El populismo, por otra parte, no es monopolio de un futuro partido político ahora inexistente. La crisis financiera ha puesto en manos de los Gobiernos occidentales cantidades ingentes de dinero que probablemente van a ser utilizadas con escasa transparencia y en detrimento del control democrático y de los mecanismos de toma de decisiones respetuosos con la opinión pública. Al gigantismo del Estado moderno, no del todo corregido tras la caída del Muro de Berlín, se suma este nuevo poder, que dejará rastro. Ha sido jaleado desde la izquierda en nombre de una retórica anticapitalista, pero en buena medida –y así se ha comprobado en los apoyos recibidos– se ha presentado como una necesidad, algo que estaba más allá de las posiciones políticas y por supuesto de las ideologías. La coartada postideológica no es propia del populismo, pero abre la puerta a la tentación de apelar al votante sin molestarse en pasar por los elementos que conforman la racionalidad política. Barack Obama, excelente representante de la actitud postideológica que arrasa en el electorado norteamericano, encarna bien un populismo que explota la frustración y la sensación de derrota de la opinión pública del otro lado del Atlántico. Claro que allí la larga tradición democrática neutraliza, en parte, los posibles riesgos.
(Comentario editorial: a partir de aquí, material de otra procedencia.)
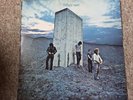 The Who – Live at Leeds, 1970, VG/VG, + Who’s Next, 1971, VG/VG, Vinyl, (2 LP)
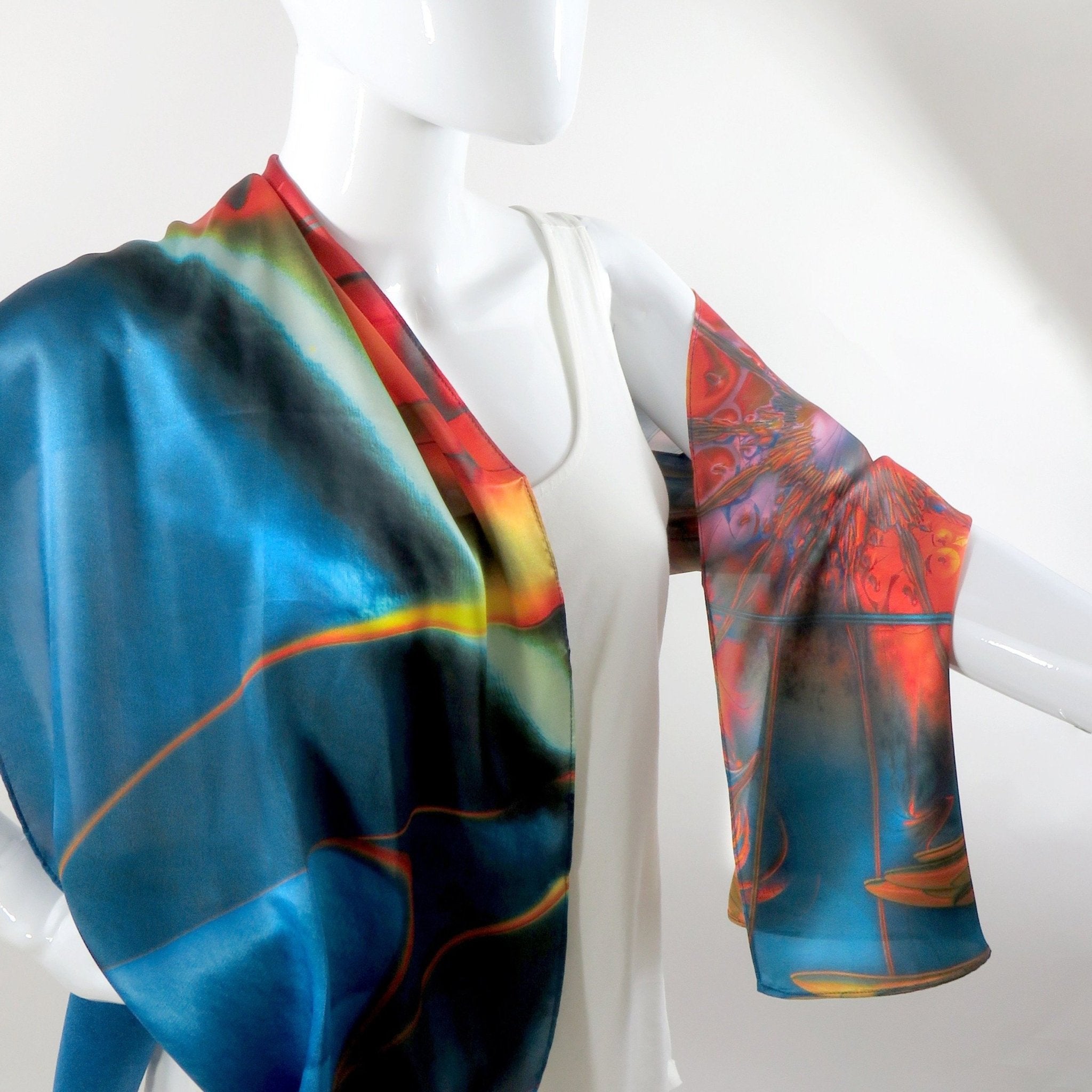 Silk Scarf | Gift Catalogue | World Vision Canada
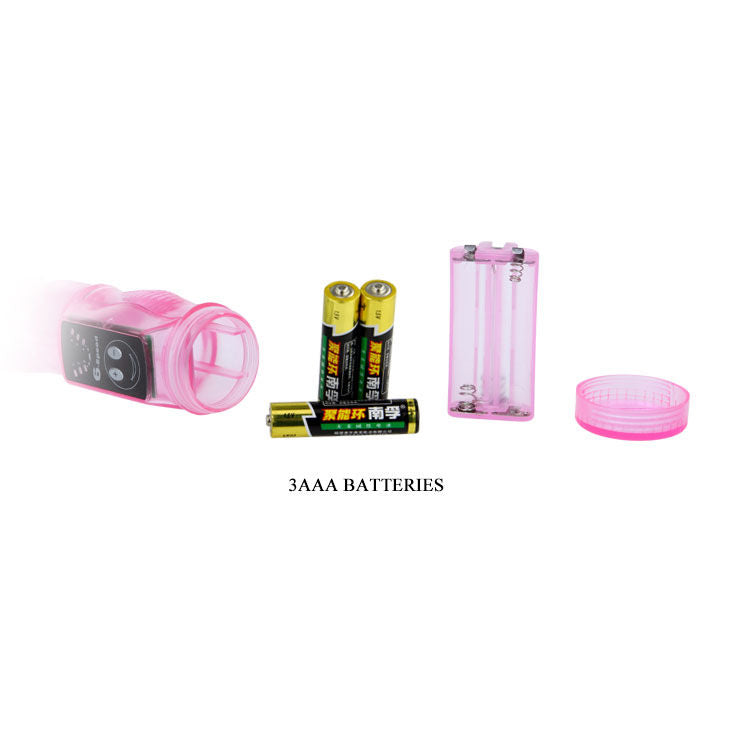 BAILE - INTIMA ÄLSKARE RETAS LILA VIBRATOR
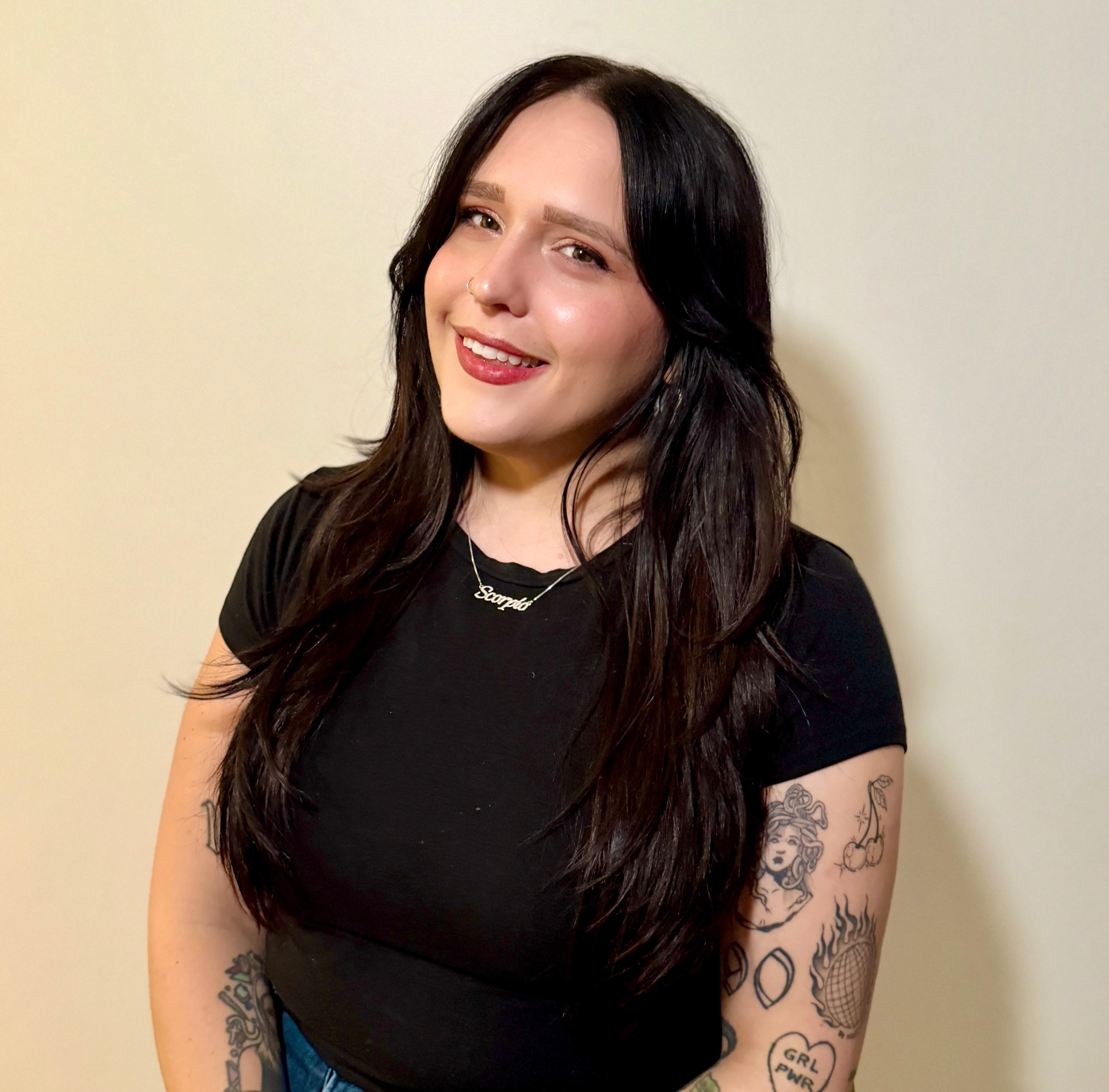 Full Stop's Courtney Worrell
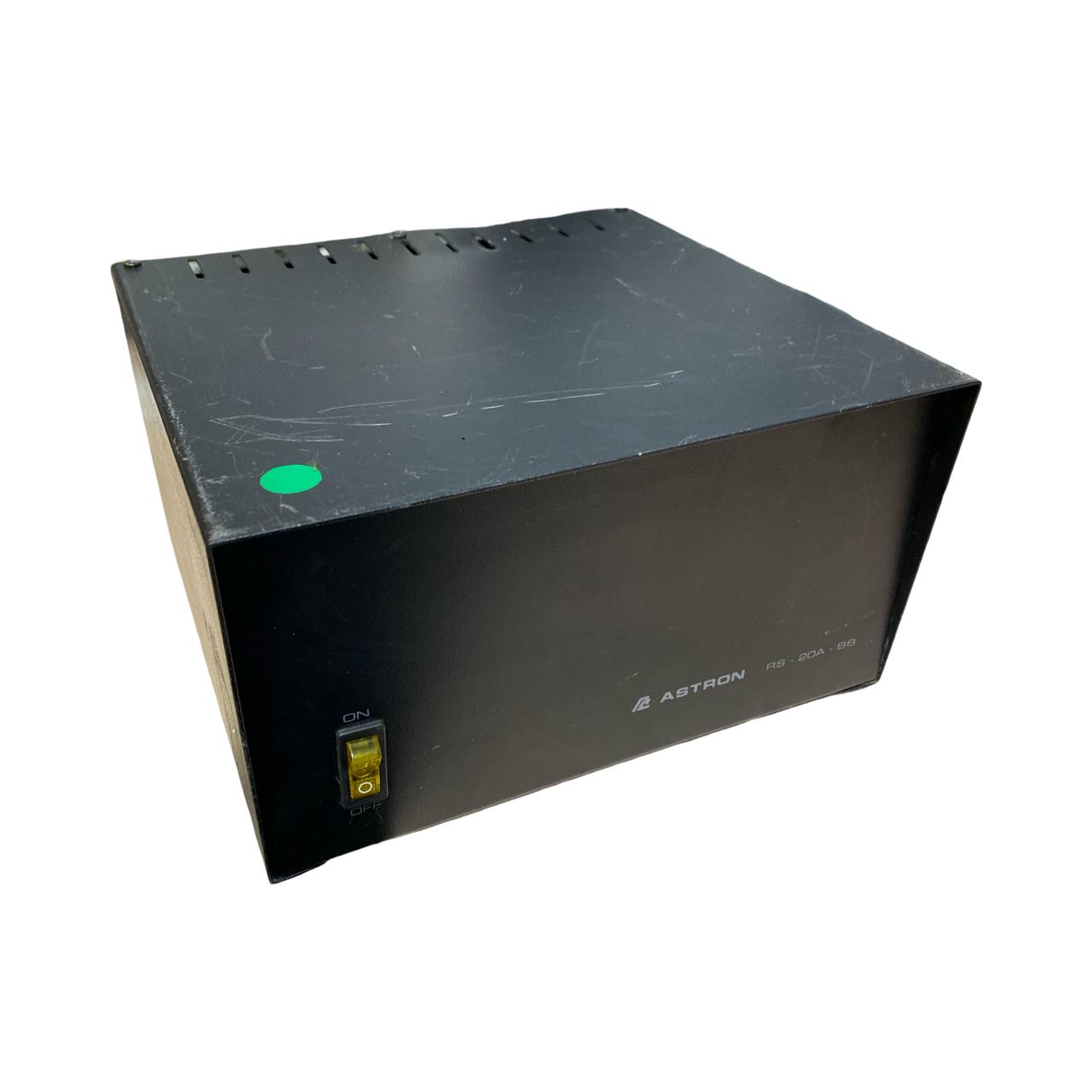 Блок питания Astron RS-20A-BB-220E s.n 203080008, б.у, рабочее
Un país como España está particularmente mal preparado para hacer frente a una nueva ola intervencionista que puede desembocar en síndrome agudo de populismo en cualquier momento. La escasa conciencia de participar en una comunidad nacional, la falta de tradición democrática y la nula capacidad de la opinión pública española para relacionar libertad con prosperidad convierten a nuestro país en un campo ideal para experimentar con un populismo particular, disfrazado de respeto al sistema e incluso de moderación. Tal vez sea necesario algo del primero para poner coto a este segundo.